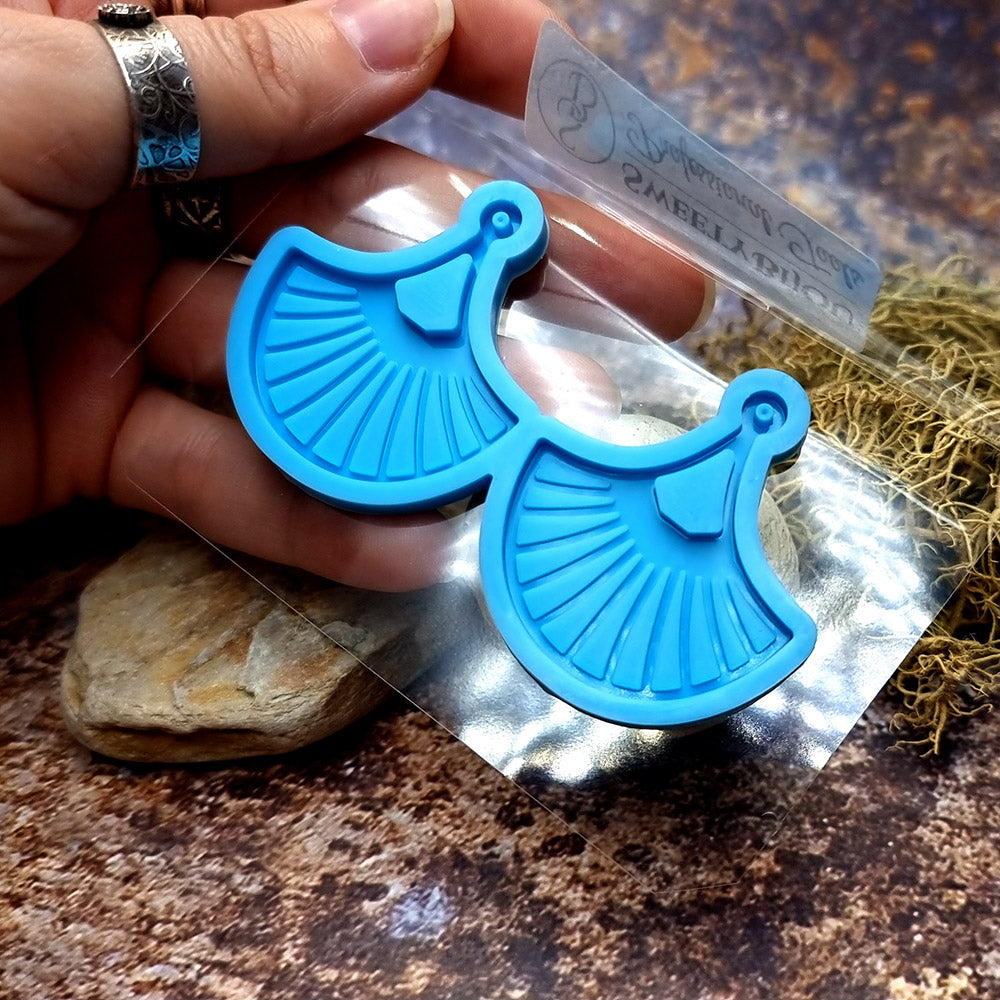 Earring shape silicone mold for polymer clay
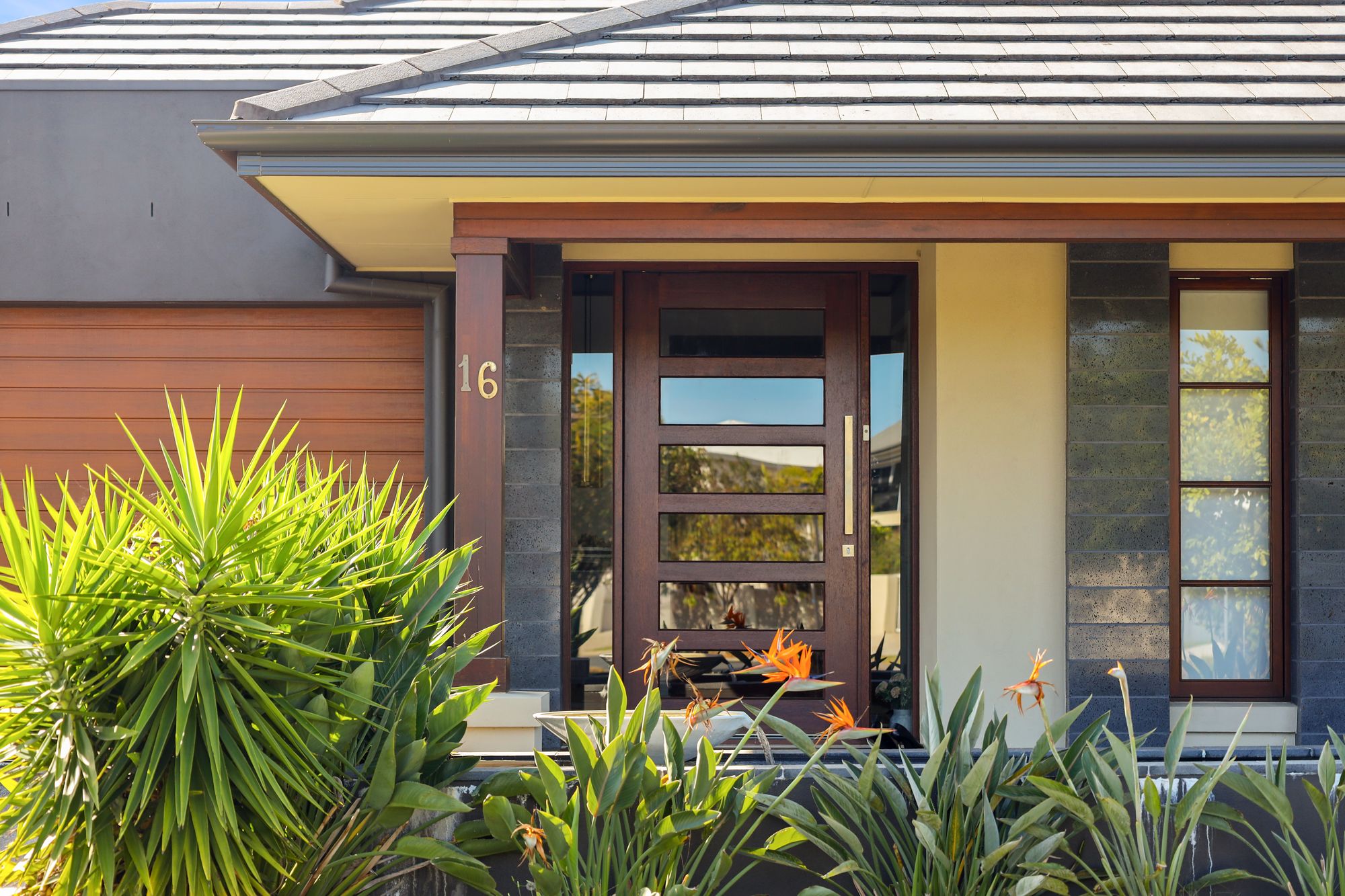 16 Spinnaker Boulevard, Newport, QLD 4020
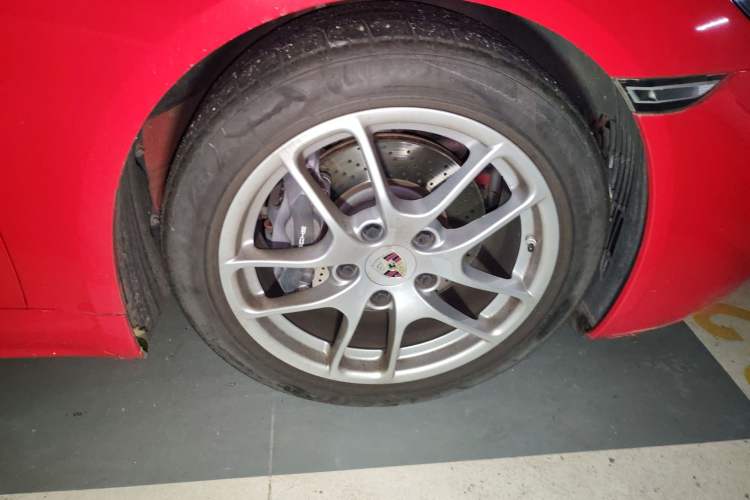 Used Porsche 718 2020 Cayman 2.0T Right Front Wheel Hub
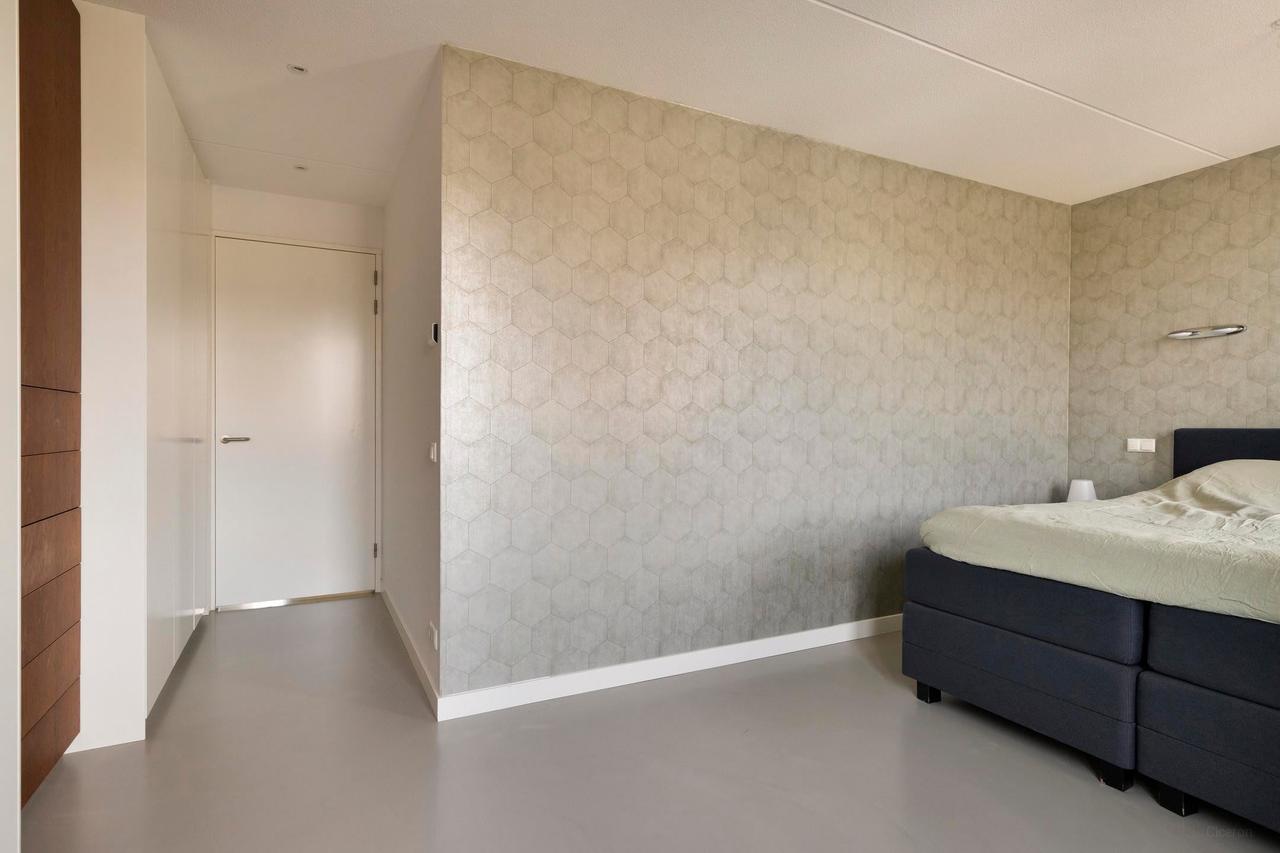 Furnished house with garden and garage - Image 11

^^^^^^^^^^^^^^^^

- **Task prompt**
Transcribe word for word only the lines from the one with "16 Spinnaker Boulevard, Newport, QLD 4020" through the end of the listing; every picture is to be omitted.

- **Task result**
 16 Spinnaker Boulevard, Newport, QLD 4020
 Used Porsche 718 2020 Cayman 2.0T Right Front Wheel Hub
 Furnished house with garden and garage - Image 11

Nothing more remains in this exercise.